Gerade in der Zeit von Herbst bis Frühjahr sollte man sehr aufmerksam fahren. Die meisten Tiere sind dämmerungsaktiv. Man sollte also rechtzeitig das Licht einschalten. Stellen, an denen viel Wild unterwegs ist, erkennt man an den entsprechenden Schildern. Auch blaue Reflektoren an den Leitpfosten zeigen: hier ist ein Wildwechsel zu erwarten. Wenn man mit 100 km/h unterwegs ist und Wild in 30 m Entfernung sieht, hat man die Strecke in einer Sekunde passiert – zu schnell, um noch reagieren zu können. Man sollte also langsamer fahren und den Seitenstreifen im Blick behalten. Wenn Wild zu sehen ist – runter vom Gas und vor allem abblenden. Von Fernlicht wird das Wild stark geblendet und erkennt keinen Fluchtweg mehr. Es wird also eher auf der Straße stehen bleiben oder panisch reagieren. Die meisten Tiere sind in Gruppen unterwegs. Es kann also immer sein, dass noch weitere Exemplare die Straße kreuzen.

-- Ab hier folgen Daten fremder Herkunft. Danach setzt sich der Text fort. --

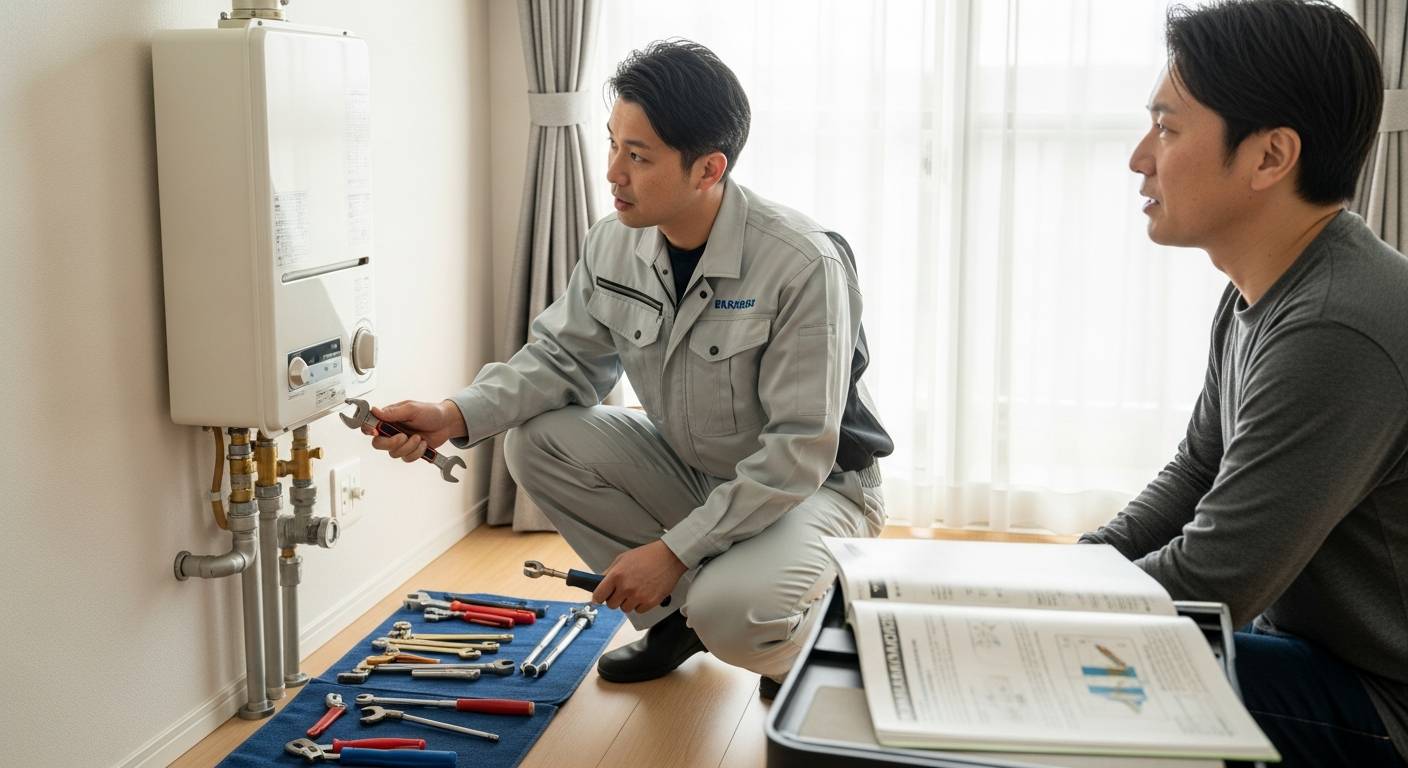 府中市ガス給湯器トラブル解決ガイド：修理のプロが教える長持ちの秘訣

Wildwarner - die Funktionsweise
Die eingesetzten Wildwarner werden wie gewohnt entlang der Strecke an den Leitpfosten befestigt. Sie sind mit einem optischen Sensor, der auf Licht reagiert, sowie zusätzlich einem akustischen Sensor, der Fahrgeräusche erkennt, ausgestattet. Wird ein Sensor durch ein heranfahrendes Fahrzeug aktiviert, gibt die Warneinheit einen Pfeifton von sich und sendet Lichtblitze aus. Beides soll das Wild vom Queren der Fahrbahn abhalten. Gleichzeitig wird ein Datensignal mittels Funk gesendet, das die im Umkreis von circa 100 m stehenden Warner aktiviert. So ist die Vorwarnzeit für die Tiere noch höher. Bewegt sich das Fahrzeug auf der Strecke, wandert der Schall- und Lichtzaun quasi mit. Durch die Aktivierung mittels Datensignal können die Warneinheiten auch von der Straße versetzt gestellt werden – ein Vorteil bei Böschungen oder anderem schwierigen Gelände. Der Day & Night benannte Warner der Firma Dehako aus Österreich kostet gute 110 Euro und hat einen verhältnismäßig geringen Wartungsaufwand. Die Stromversorgung erfolgt mittels eines Solarmoduls.